When the Validation is complete, you can view the results in the GX Cloud UI.

View Validation run history

  1. In GX Cloud, select the relevant Workspace and then click Data Assets.

  2. In the Data Assets list, click the Data Asset name.

  3. Click the Validations tab.

  4. If you have multiple Expectation Suites, select the suite of interest.

  5. Do one or more of the following:

    • To view results for a specific Validation run, select an entry in the Batches & run history pane.

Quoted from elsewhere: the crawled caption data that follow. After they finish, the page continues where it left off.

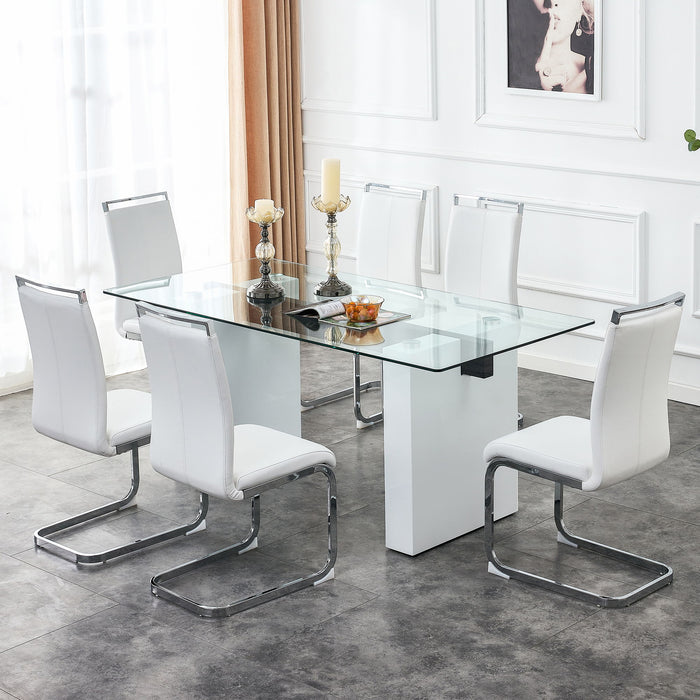 Large Modern Simple Rectangular Glass Table, Which Can Accommodate 6 - 8 People, Equipped With 0.4 -" Tempered Glass Table Top And Large MDF Table Legs, Used For Kitchen, Dining Room, Living Room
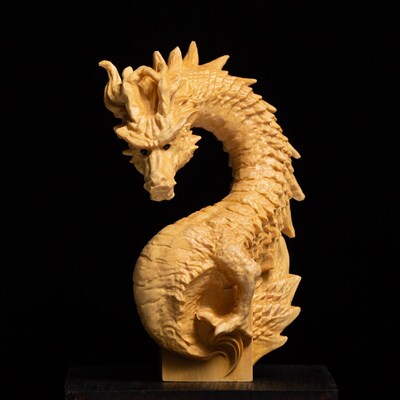 Chinese Dragon Seal Statue Boxwood Animal Sculpture Office N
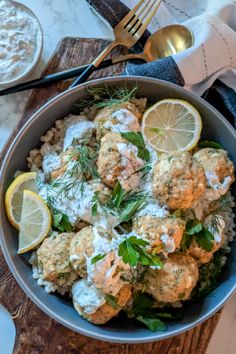 My feta chicken meatballs with homemade tzatziki sauce will become a weeknight staple. These chicken feta meatballs come together so easily and are ready in under 30 minutes. #chickenmeatballs #fetachickenmeatballs #dinnerrecipes #meatballs #fetarecipes #tzatziki #Greekflavors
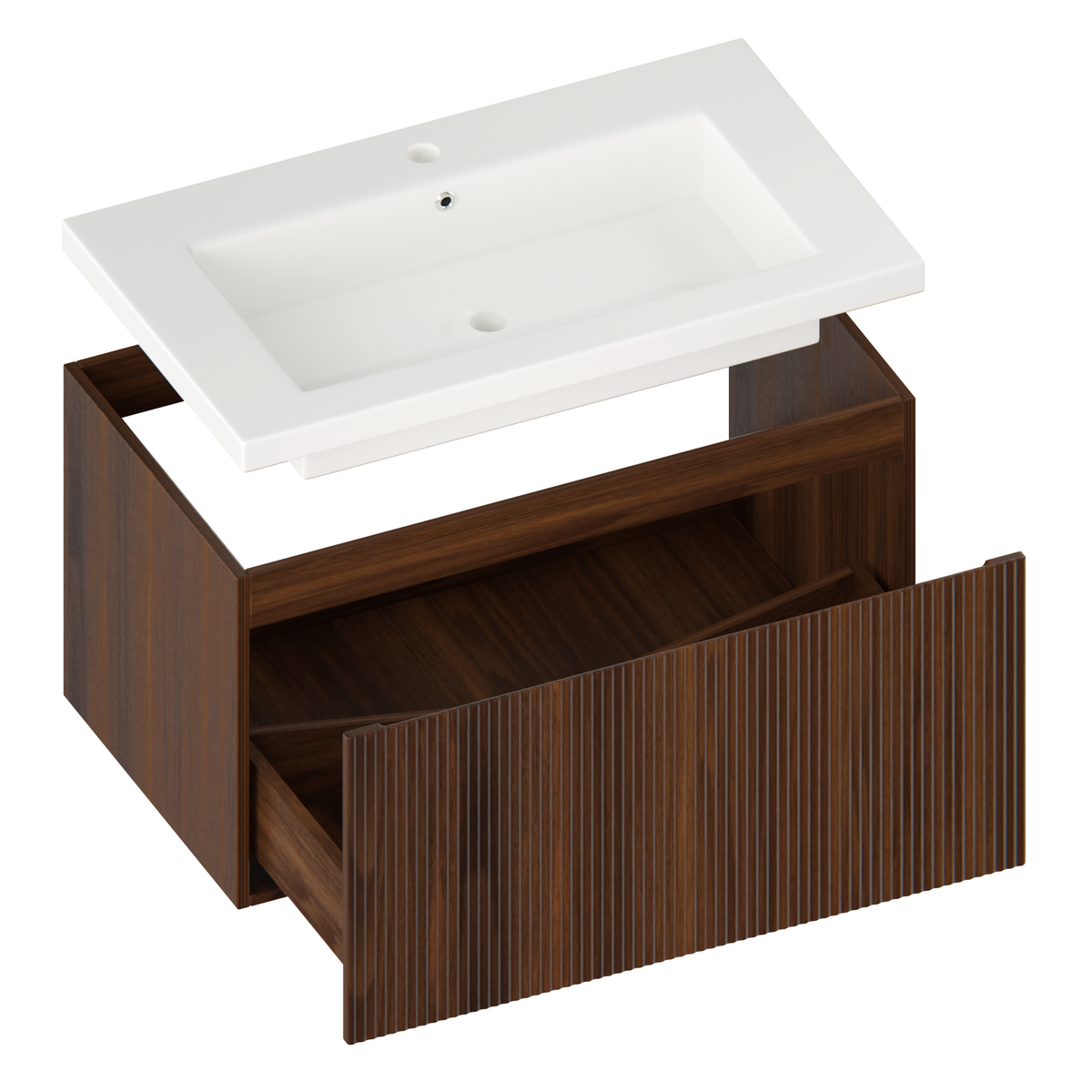 meuble de salle de bain Niko - 80cm - noyer - lavabo blanc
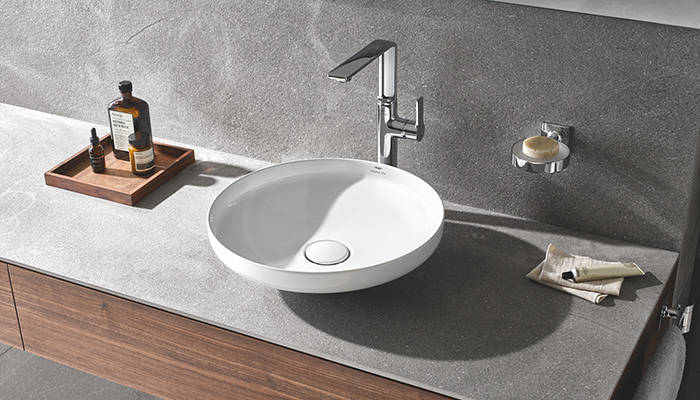 The new Airio ceramic vessel basin with 5mm thin edges, shown with an Allure basin mixer in chrome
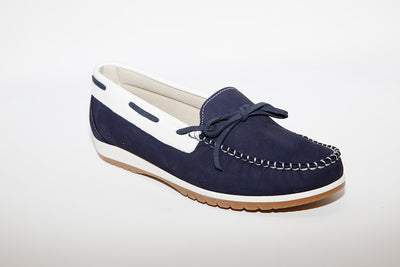 LEON D'ORO - 3940 CASUAL SLIP-ON SHOE - NAVY/WHITE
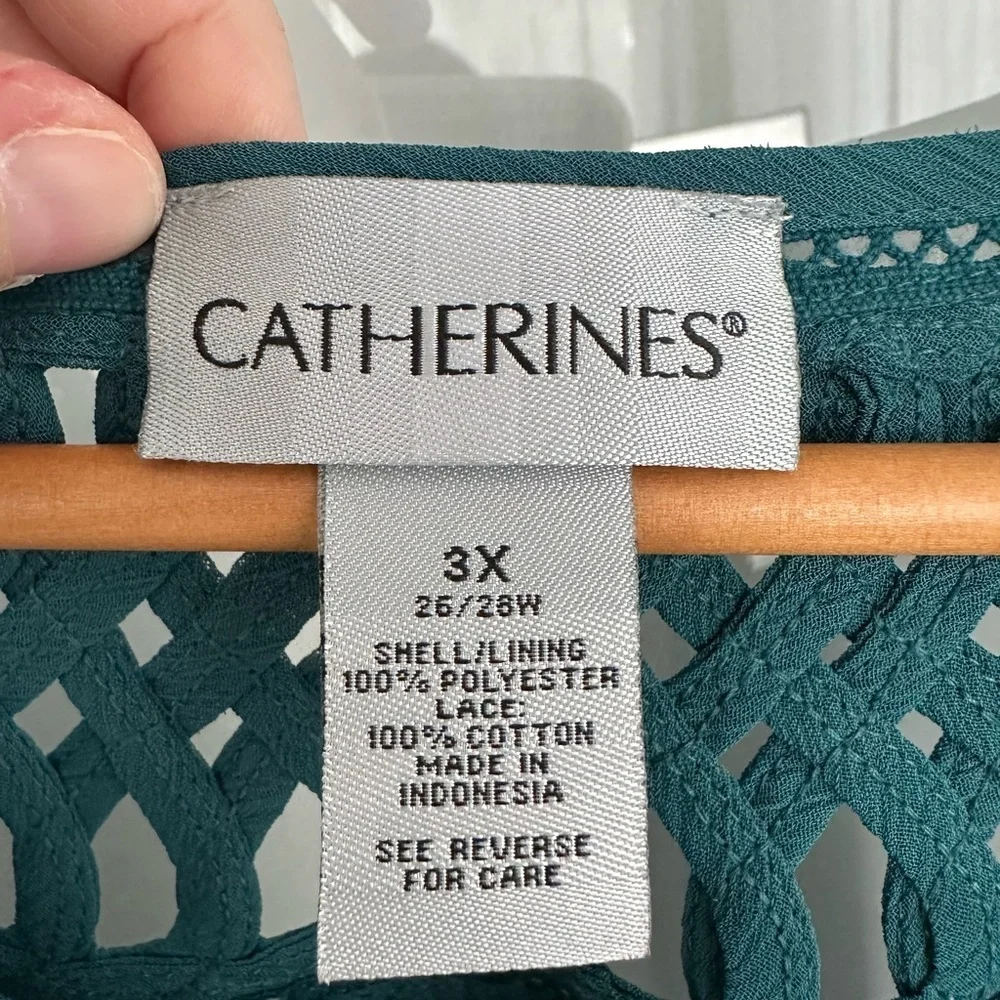Catherines Blouse Top 3X Forest Green Chiffon Tunic Elbow Sleeve Cutout Detail - Picture 4 of 7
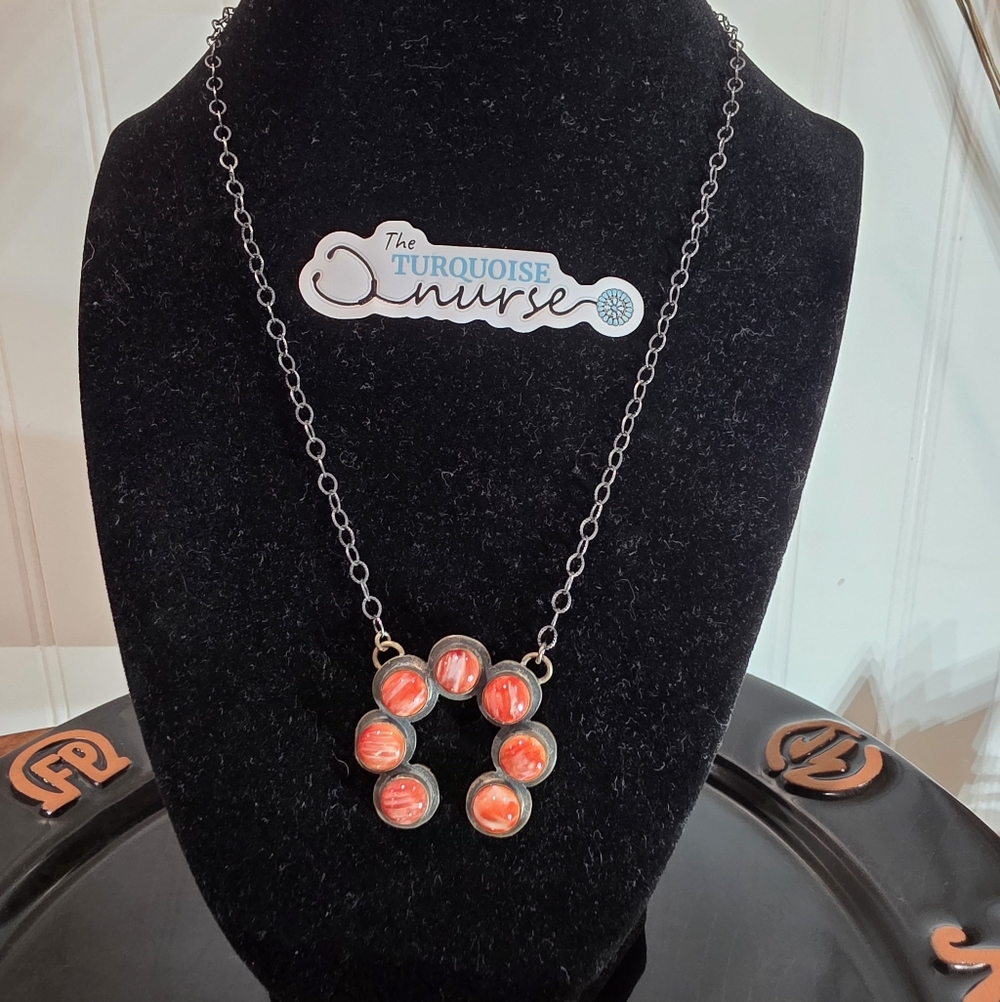 Coral Circle Pendant Necklace - Coral Red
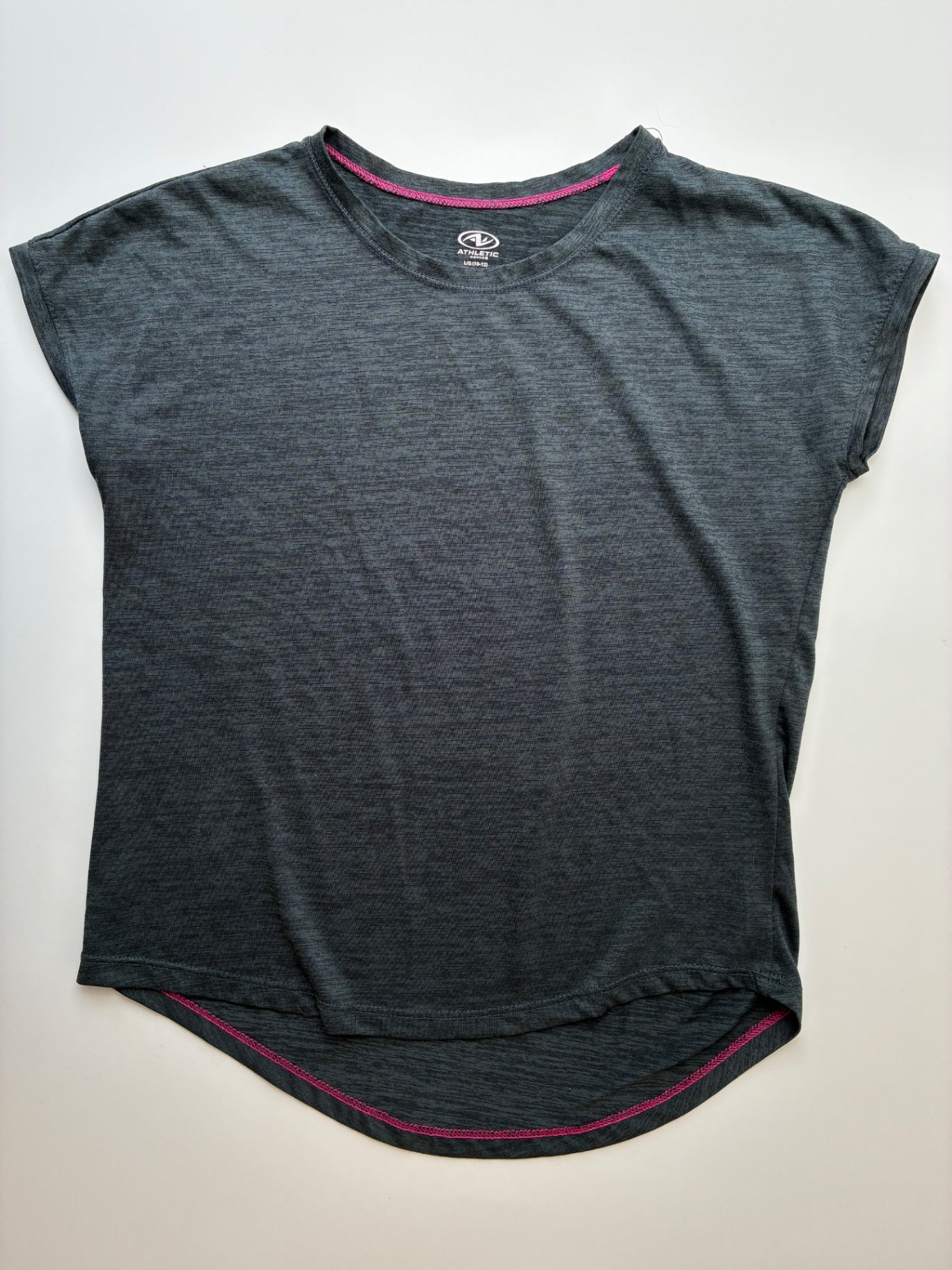 Athletic Works T-Shirt - Gray Heathered Cap Sleeve | size 10/12
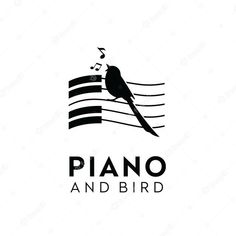 the logo for piano and bird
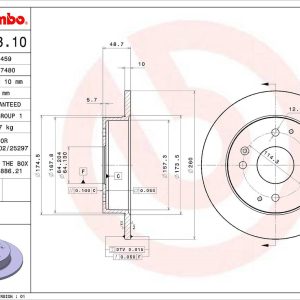 Brembo Brake Rotor, Solid, One Piece Design, Wheel Bolt Pattern 4 X 114.3 Millimeter – 08580310C02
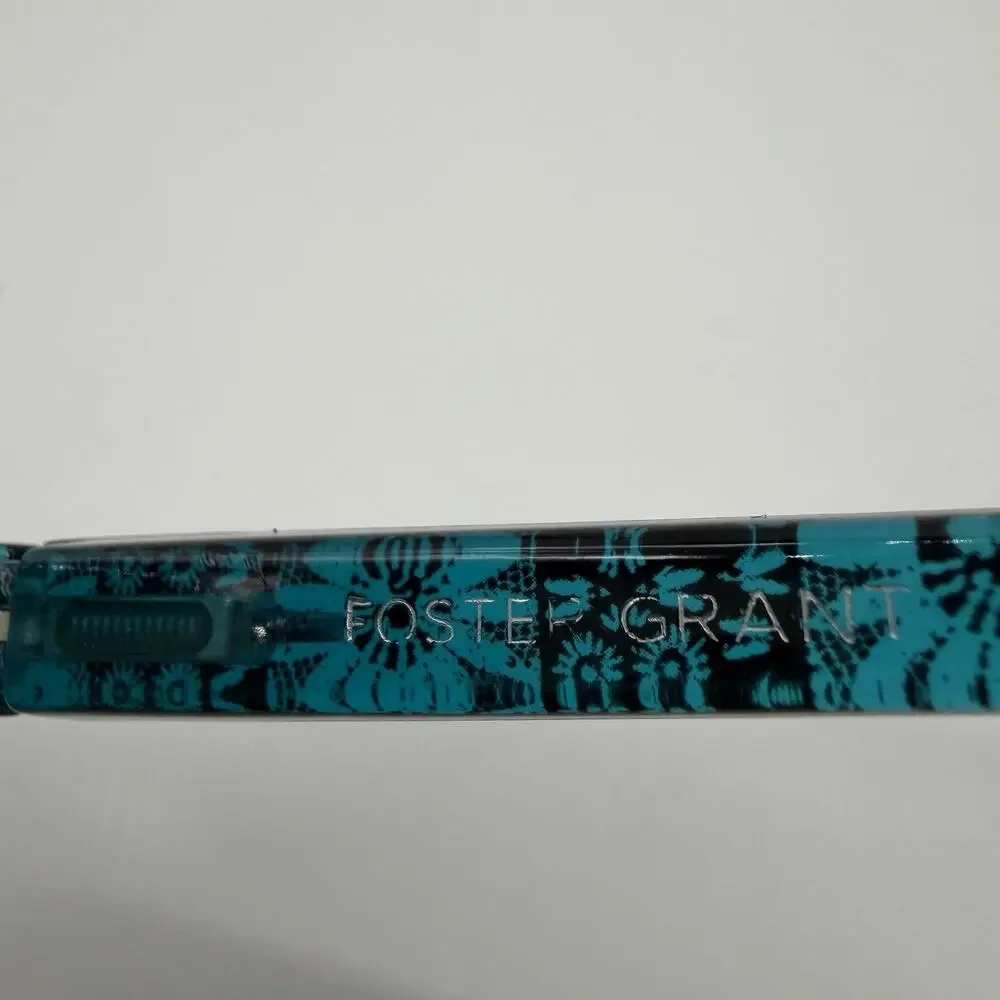 Foster Grant Pearla Teal Women’s Reading Glasses +3.25 53-16-144 Floral Frames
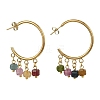 Natural Multicolor Tourmaline  Stud Tassel Earring EJEW-JE07221-3
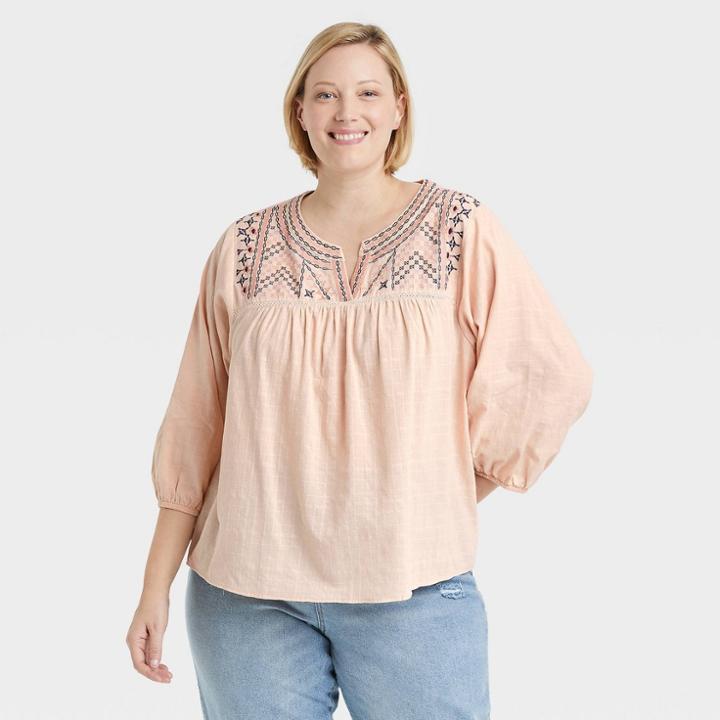 Women's Plus Size Bishop Long Sleeve Embroidered Top - Knox Rose Pink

      • To view only Expectations that failed in the selected run, click Failures only.
    • To view the run history of all Validations, select All Runs to view a graph showing the Validation run history for all columns.

      • To view details about a specific Validation run in the Validation timeline, including the observed values, hover over a success or failure severity icon.

      Provided details are: success, severity, run time, batch interval, batch column, batch name, and observed value.

    Run history details

    Depending on how your Data Assets are validated, you may find the following information on entries in the Batches & run history pane.

    • A calendar icon calendar icon indicates a Validation ran by a GX-managed schedule.
    • Batch information is included for any Validation ran on a subset of a Data Asset.
  6. Optional. Click Share to copy the URL for the Validation Results and share them with other users in your workspace.